Meanwhile, the Swiss franc and the Australian and Canadian dollars rebounded against the U.S. dollar. They managed to recover some losses from the previous day.


How are the EM currencies faring? 

The South African rand soared by 0.2% versus the greenback on Thursday, while most central and eastern European currencies rallied against the euro. The Hungarian forint gained the most. Poland’s zloty also jumped by 0.5% versus the common currency. According to new data, Polish producer prices increased to 24.6% year-over-year in September. That is below the forecast.

Furthermore, the Turkish lira traded in the green today after briefly tumbling to a record low. The country’s central bank cut rates more than analysts expected.
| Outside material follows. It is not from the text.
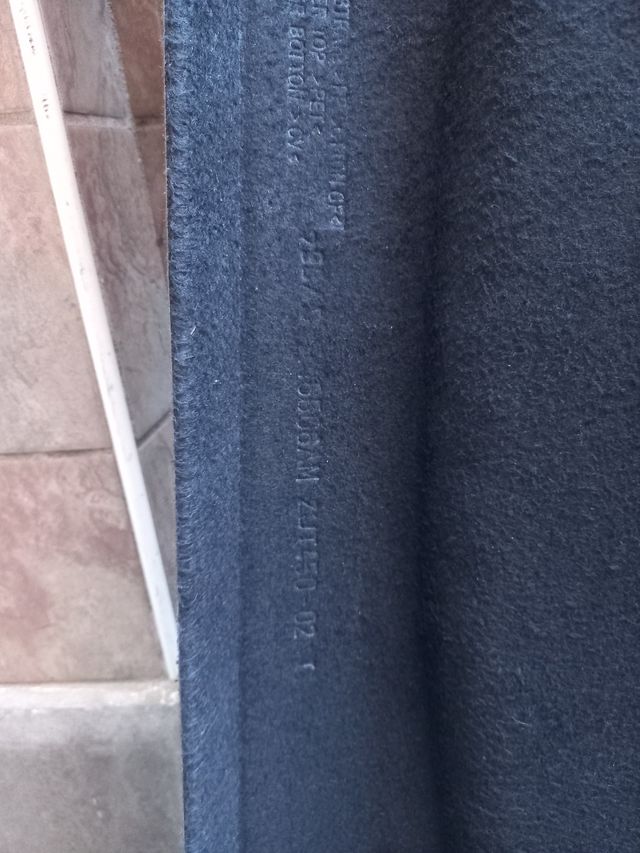 Copribagagliaio Ford Focus 2004 vassoio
The lira exchanged hands at 18.58 against the USD. It climbed up from 18.6 reached on Wednesday, as well as a record low of 18.6150 it hit briefly after the rate announcement. Turkey’s central bank announced a 150 basis-point cut to 10.5%.

Ipek Ozkardeskaya, the senior analyst at Swissquote, noted that inflation is very high in Turkey, and a higher interest rate cut doesn’t make sense. The central bank will be able to spend all the money it gets in order to keep the dollar stable. However, if the money stops coming in, then the country won’t be able to keep the lira at the current levels against the greenback.